Is Refreshe Water Safe to Drink? What to Know

Refreshe water is safe to drink. It’s a purified bottled water brand sold at Safeway and other Albertsons-owned grocery stores, manufactured by Better Living Brands LLC. The water starts as municipal tap water from Fort Worth, Texas, then undergoes additional purification before bottling.

Where Refreshe Water Comes From

Refreshe is labeled “purified drinking water,” which means it starts as a public water supply and then gets filtered beyond what your local water treatment plant does. In this case, the source is the municipal supply in Fort Worth, Texas. That tap water already meets EPA drinking water standards before the company does any additional processing.

This is a common approach in the bottled water industry. Brands like Aquafina and Dasani also start with municipal water and purify it further. The word “purified” on the label is regulated by the FDA and requires that the water meet specific purity standards, regardless of where it originally came from.

How the Water Is Purified

Purified bottled water typically goes through a multi-step filtration process. While Refreshe doesn’t detail its exact methods on the label, standard purification for this category involves reverse osmosis, carbon filtration, or a combination of both, often followed by a disinfection step like ozonation or ultraviolet light.

Reverse osmosis works by forcing water under high pressure through membranes with holes so small that almost nothing except water molecules can pass through. Salts, heavy metals, bacteria, viruses, and most trace chemicals like pesticides and pharmaceutical residues get left behind. This is one of the most effective filtration methods available and produces water that’s cleaner than most tap supplies.

PFAS and Contaminant Concerns

One of the bigger safety questions with any bottled water right now involves PFAS, the group of synthetic chemicals sometimes called “forever chemicals” because they don’t break down easily in the environment or the body. The FDA tested 197 bottled water samples collected from retail stores across the U.S. between 2023 and 2024, covering purified, spring, artesian, and mineral waters.

Of those 197 samples, only 10 had detectable levels of PFAS, and none exceeded the maximum contaminant levels set by the EPA for public drinking water. The domestic samples with detectable PFAS contained between one and four different PFAS compounds each. Refreshe was not specifically named in the FDA’s published results, but the overall findings suggest that purified bottled water as a category performs well on PFAS testing. Reverse osmosis, if used in the purification process, is particularly effective at removing these chemicals.

BPA-Free Packaging

Refreshe bottles are BPA-free, meaning they’re produced without the intentional addition of bisphenol A, a chemical that was once common in plastics and has been linked to hormonal disruption. The bottles are made from PET plastic, the same type used by most major bottled water brands. PET is considered safe for single-use food and beverage packaging by the FDA.

That said, all plastic bottles can leach trace amounts of chemicals when exposed to heat. If you leave a Refreshe bottle in a hot car or in direct sunlight for extended periods, the risk of chemical migration from the plastic into the water increases. Storing bottled water in a cool, shaded place is a simple way to minimize any potential exposure.

pH and Mineral Content

Refreshe water has a measured pH of about 6.44, which makes it slightly acidic. For context, pure water has a neutral pH of 7.0, and most bottled waters fall somewhere between 6.0 and 8.0. A pH of 6.44 is comparable to many other purified water brands and is not a health concern for the vast majority of people. It’s far less acidic than coffee (around 5.0), orange juice (around 3.5), or soda (around 2.5).

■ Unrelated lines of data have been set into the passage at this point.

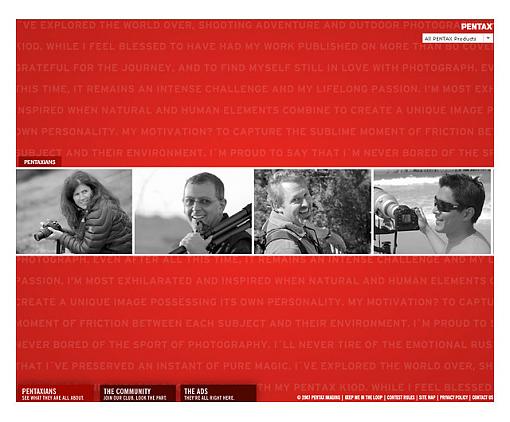 Pentax Launches Pentaxian Community Site - Press Release-pentaxianscreenshot.jpg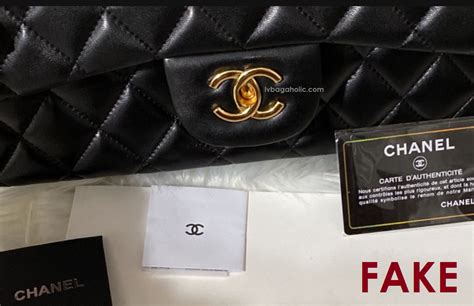 fake channel bag|authenticity card chanel.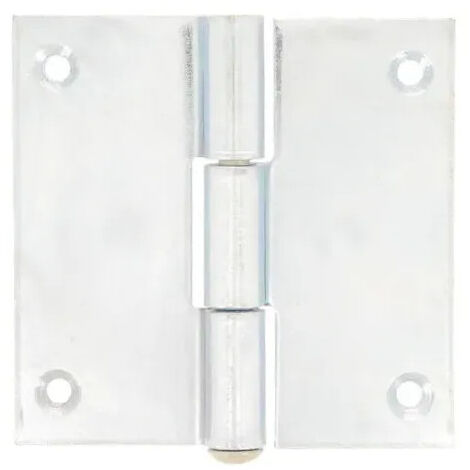 Charnière meuble, carrée, 40 x 40 mm, zingué blanc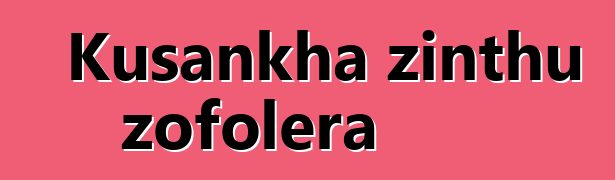 Kusankha zinthu zofolera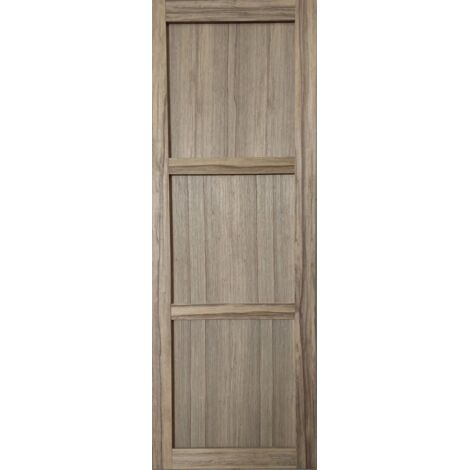 Puerta corredera de madera Frake de 3 paneles H204 x L73 cm Gd Menuiseries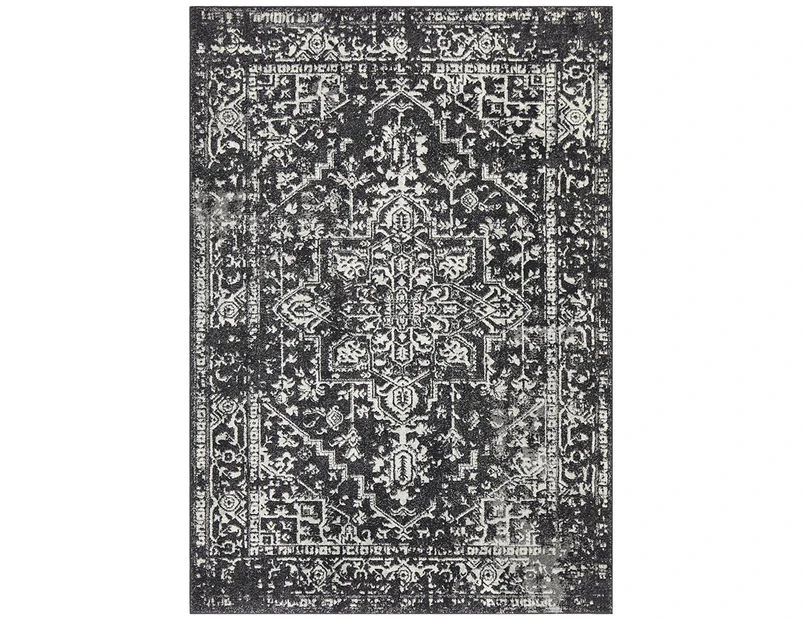 Cheapest Rugs Online Evoke Medallion In Charcoal Rug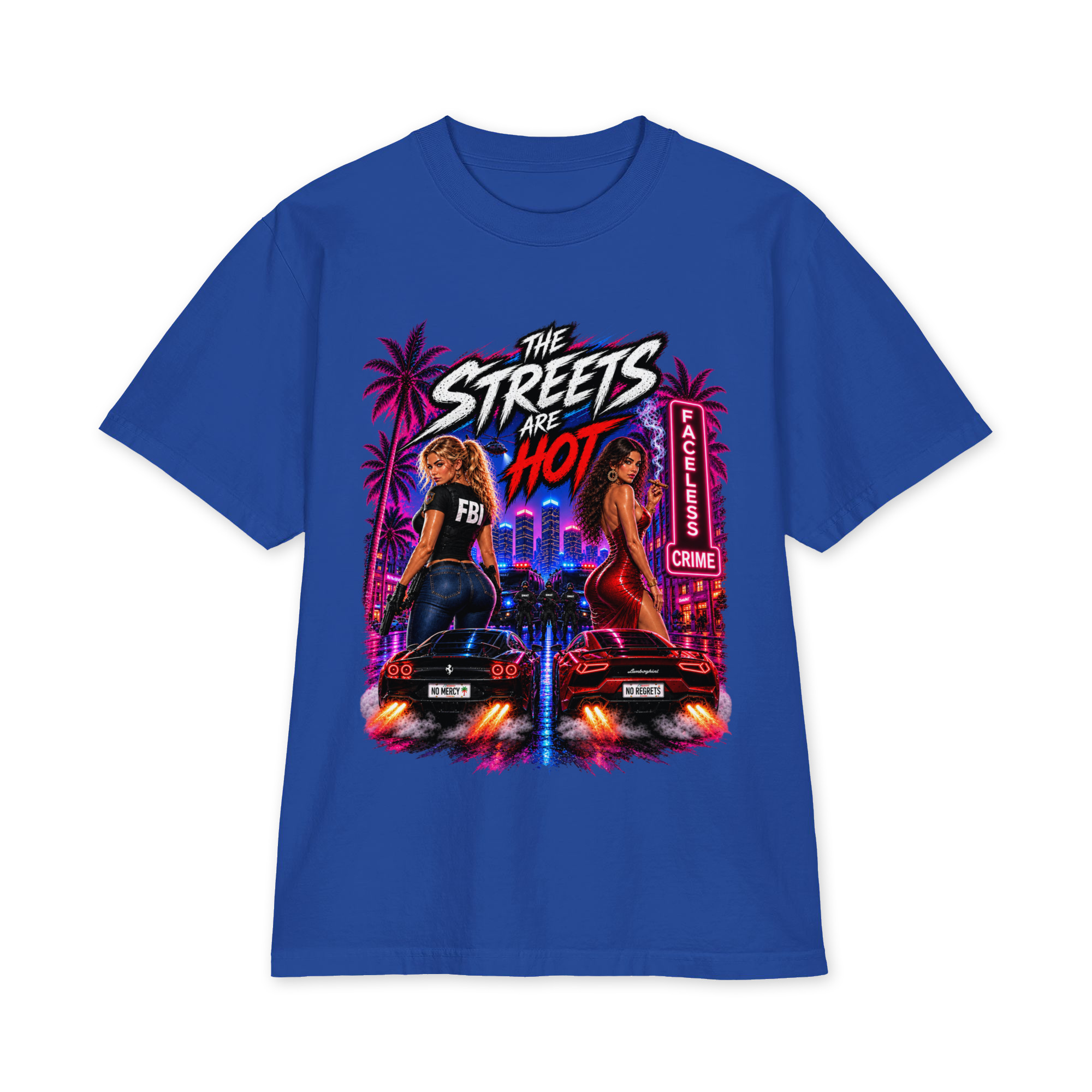 "THE STREETS ARE HOT" Unisex max heavyweight short sleeve - Image 10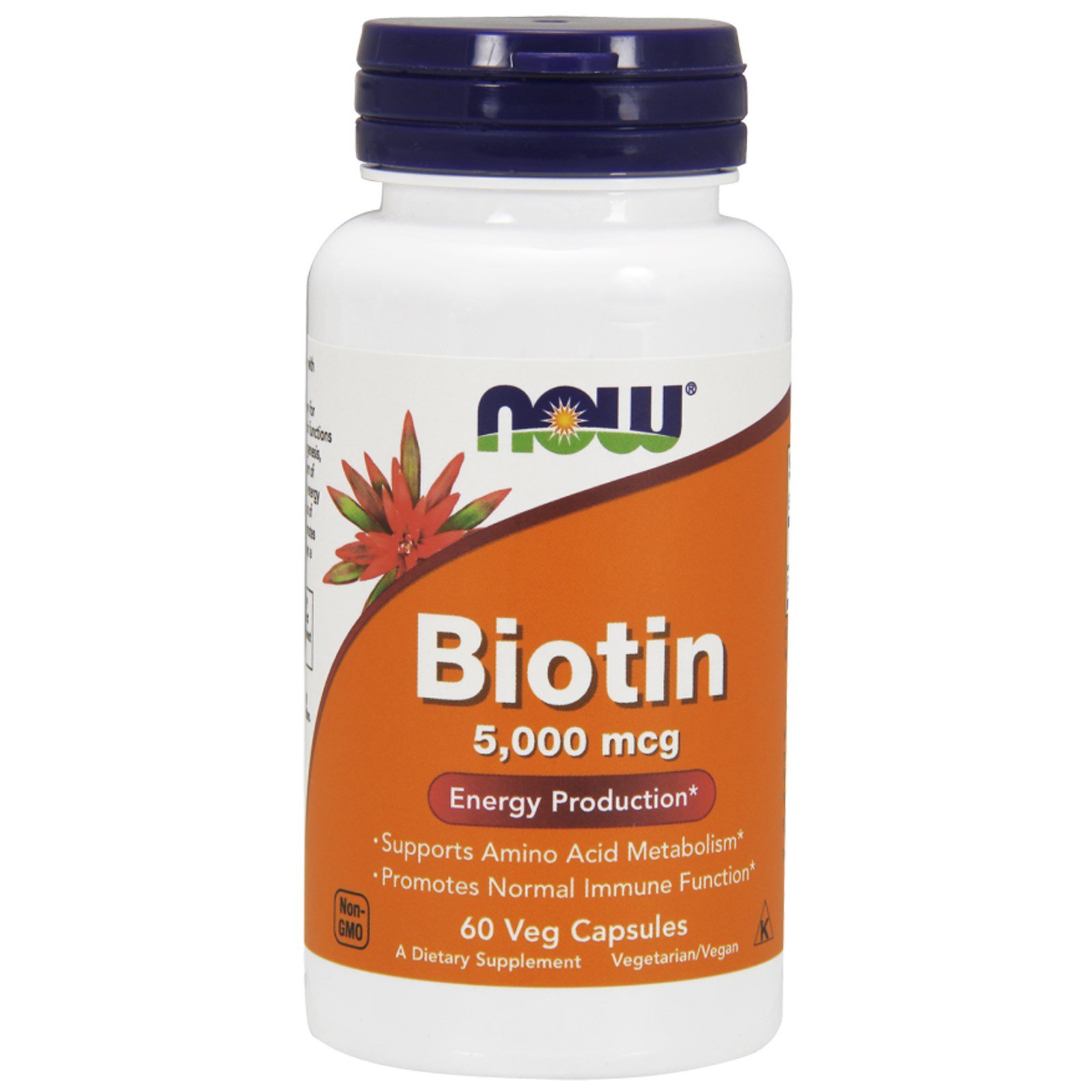Biotin, Биотин 5000 мкг - 60 капсул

Because the purification process strips out most dissolved minerals, purified water like Refreshe contains very little calcium, magnesium, or potassium. If you rely on bottled water as your primary water source, you won’t be getting meaningful mineral intake from it. That’s not a problem for most people who eat a varied diet, but it’s worth knowing if you’re comparing it to mineral or spring water brands that do contain trace minerals.

How It Compares to Tap Water

Refreshe is essentially tap water that’s been filtered an extra time, so in most cases it’s at least as clean as your home tap supply, and often cleaner. Whether that extra filtration is worth paying for depends on your local water quality. If you live in an area with aging pipes, lead concerns, or water advisories, bottled purified water can be a reasonable short-term alternative. If your tap water is already high quality, you’re mostly paying for convenience and packaging.

Refreshe has no public recall history with the FDA, and there are no outstanding safety warnings associated with the brand. For a budget store-brand water, it meets the same federal standards as any other purified bottled water on the shelf.